De una parte, Umberto Eco nos ha advertido que una educación
a través de la imagen ha sido siempre característica de las sociedades
absolutistas y paternalistas, y que la única posibilidad de contravenir este
hecho está en convertir a la imagen en una provocación para la reflexión
crítica y no en una “invitación a la hipnosis”. Pero es que, además, lo icónico
plantea una paradoja interesante, porque si, de una parte, lo visual resulta
más motivador y atractivo porque se dirige a lo emocional, de otra produce
pasividad en la audiencia (por el carácter tautológico del espectáculo, cuyos
medios y fines son los mismos, como lo definió Guy Debord al decir que la
sociedad del espectáculo es el imperio de la pasividad moderna) y, sobre todo,
deja a un lado los aspectos racionales, que es a dónde se debe dirigir
principalmente la acción educativa.
Lejos esta escuela, visual e interactiva en un contexto
puramente comercial, de aquella otra en la que el profesorado se educó y a la
que no quiere renunciar (por inercia antediluviana o por defender no se sabe
bien qué privilegios de clase, según denuncian nuestras autoridades educativas).

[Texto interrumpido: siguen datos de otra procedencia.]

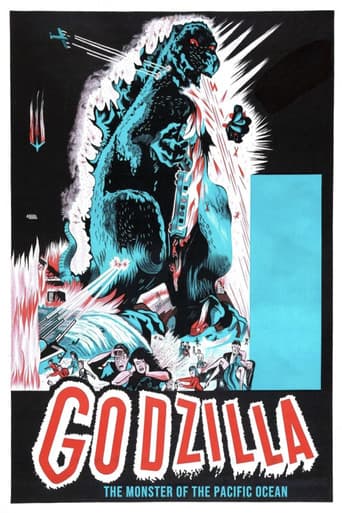 Poster for Godzilla, the Monster of the Pacific Ocean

A poco que recordemos cómo era aquella escuela, y dejando al margen lo
edulcorado de todos los recuerdos personales, nos acordaremos de profesores
aburridos y de otros más amenos, de clases infames y clases memorables, de
colegios infernales y otros más parecidos a lo que podría ser el cielo, pero en
todos se entraba a modo de rito de paso, se iba al colegio y se dejaba atrás la
casa y la familia, es decir, se cambiaba de contexto y había por tanto de
usarse un lenguaje distinto, el lenguaje se convertía en una herramienta de
pensamiento descontextualizado que se utilizaba no ya para referirse a casos
concretos sino a nociones generales a cuyo uso el alumno se iba aventurando. Lo
racional, el pensar por sí mismo, esa era la clave, el reto. Si al profesorado
le cuesta renunciar a acompañar a sus alumnos en esa batalla es quizá porque
ahí reside la razón de ser última de su trabajo.

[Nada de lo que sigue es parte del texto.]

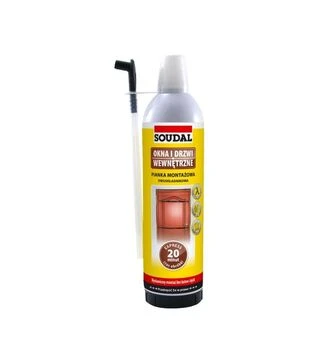 Піна монтажна двокомпонентна Soudal Soudafoam 2K, 400 мл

Al margen de la privatización de todos los bienes públicos,
y ahora al parecer le llegó el turno a la educación, también ha llegado la hora
de la privatización de los propios sujetos, autistas encerrados frente a una
pantalla, sea esta de cine, de televisión, pizarra digital o teléfono móvil. Si
ya es bastante ridículo el papel del maestro condenado al papel de operario que
enciende y apaga cachivaches, no lo es más su papel facilitador frente a los
alumnos (exámenes más fáciles, menos contenidos, un trabajito para aprobar…) y
de interlocutor familiar, no porque el padre venga a informarse de qué pasa con
su hijo, sino porque puede venir a reclamar sobre su hijo, y ya se sabe,
insisto, que el cliente siempre tiene razón. Todo para lograr una sociedad de analfabetos informatizados, como los
llamaba Joseph Weizenbaum, o, como los motejaba con mucha más acritud Sánchez
Ferlosio, de borriquitos con chándal.
Dado todo lo anterior, no sorprenderá el tercero de los comentarios casuales de un inspector
cuando, en una reunión con los representantes del alumnado, tuvo la ocurrencia
de preguntarles que “a qué profesor nominarían”. Porque si hemos pasado de una
sociedad espectacular a una sociedad especular, que diría Gérard Imbert, no ha
de extrañarnos que a su vez pasemos de convertir el instituto en un centro de
recreo audiovisual a fabricar un reality
con profesores objeto del hipervoyeurismo de un público pasivo que sólo
interviene para nominar (divertido
neologismo que podría usarse ya en lugar del caduco despedir) a aquellos que les aburren o que tienen la desfachatez de
obligarles a trabajar.
Desde hace ya muchos años venimos oyendo decir que la
educación va mal, que todo es un fracaso, que los profesores no hacen bien su
trabajo, que los alumnos no están motivados, que las familias no están
contentas, que existe un malestar social frente a la situación educativa, que
son necesarias reformas y cambios de leyes, que nos estamos quedando atrás en
nuestra carrera hacia no se sabe dónde. Todo va mal, y por tanto lo estamos
cambiando todo (siempre en determinada dirección, con una filosofía
privatizadora y neoliberal), pero todo sigue yendo cada vez peor. Creo que ha
llegado el momento de decir que el emperador está desnudo, de dejar de repetir
irreflexivamente que esto está mal, y empezar a plantearnos otras cuestiones. Por
ejemplo: ¿Realmente va todo tan mal? ¿Y a quiénes beneficia que lo pensemos?